◆ Your objective
Return each line of the listing exactly, though without its images.

◆ Supplied data
__________________________________________________
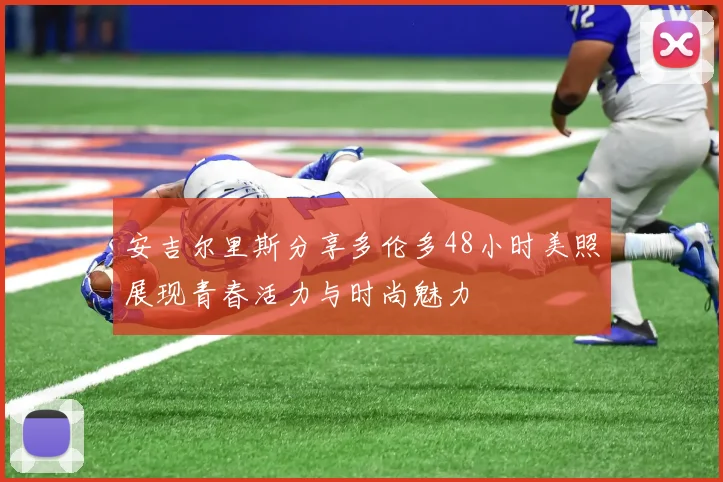 安吉尔里斯分享多伦多48小时美照展现青春活力与时尚魅力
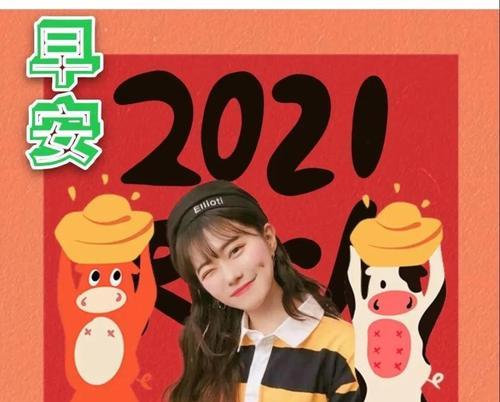 有关2023牛年新春祝福语的句子（迎接2023牛年春节的美好祝福）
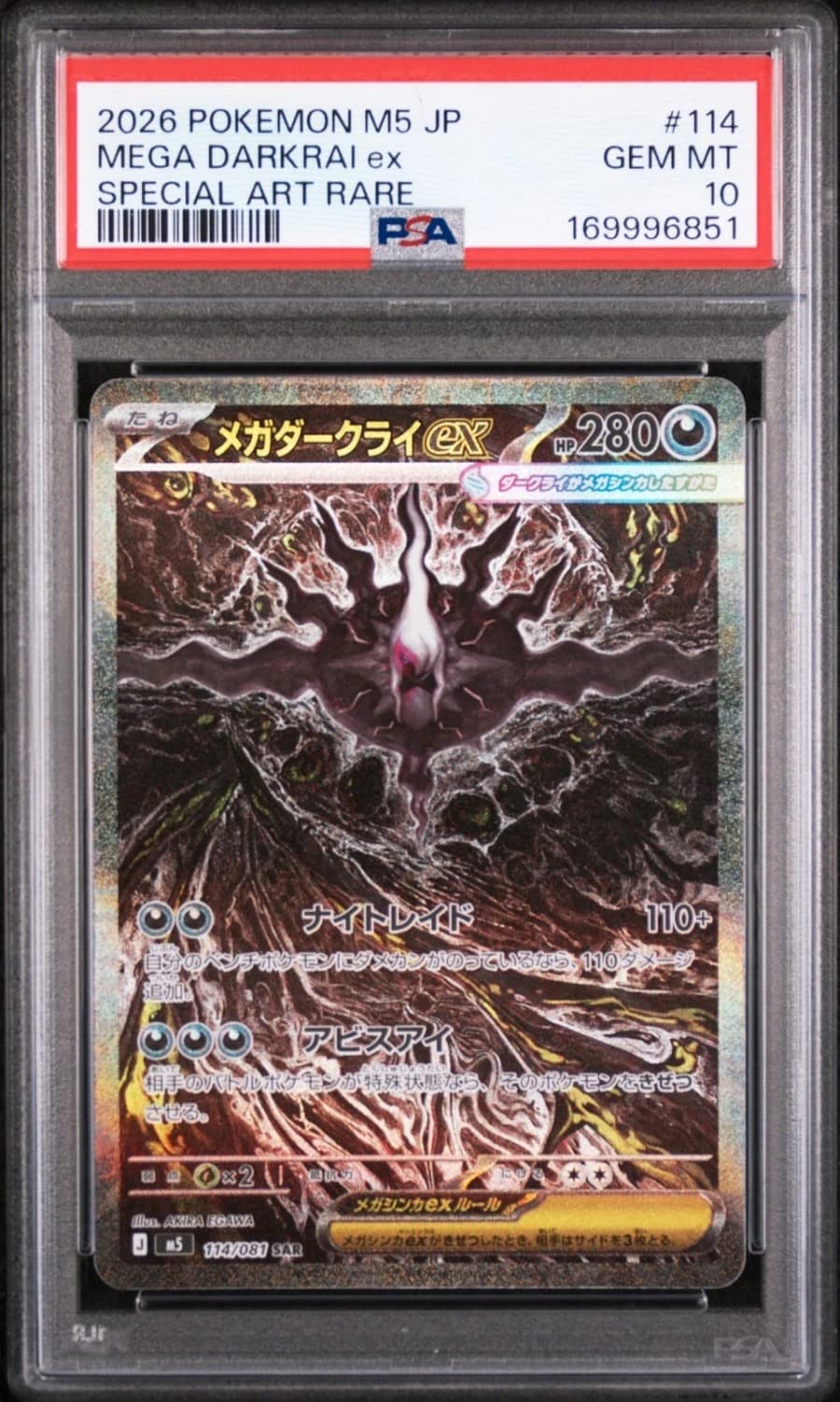 Mega Darkrai Ex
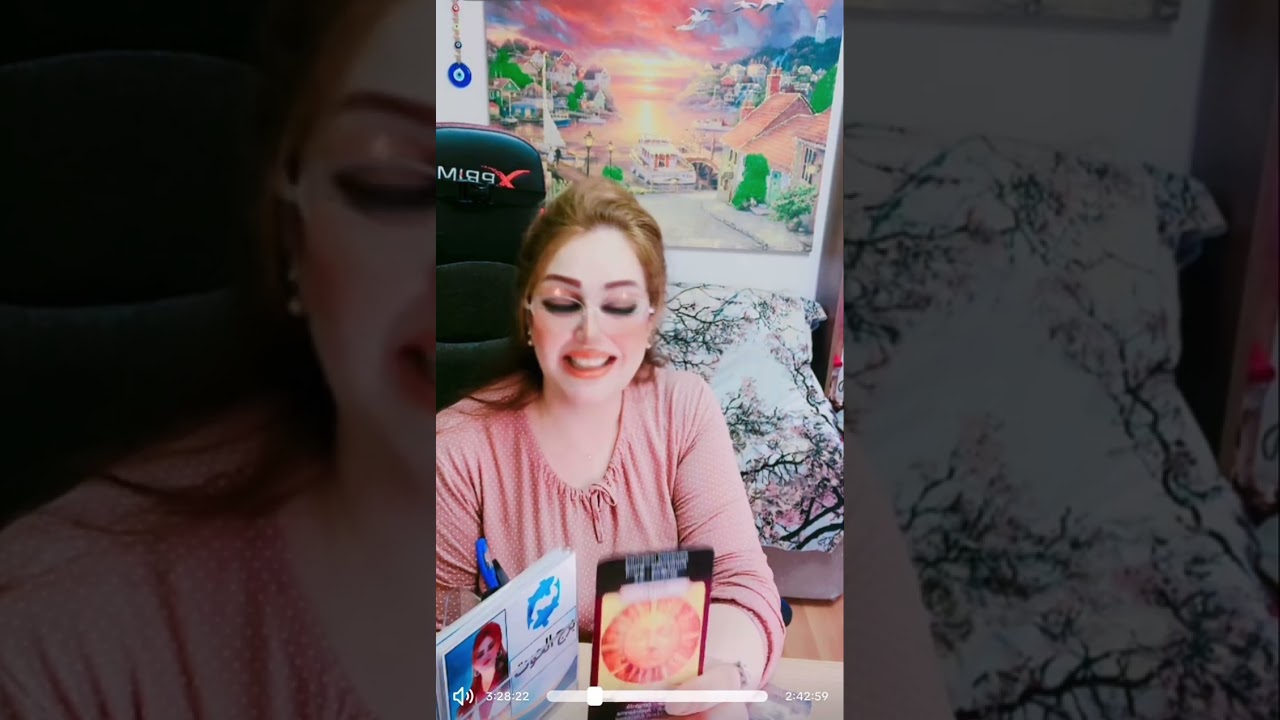 توقعات برج الحوت من 1 الى 10 حزيران يونيو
__________________________________________________
◆ Answer for the task
 安吉尔里斯分享多伦多48小时美照展现青春活力与时尚魅力
 有关2023牛年新春祝福语的句子（迎接2023牛年春节的美好祝福）
 Mega Darkrai Ex
 توقعات برج الحوت من 1 الى 10 حزيران يونيو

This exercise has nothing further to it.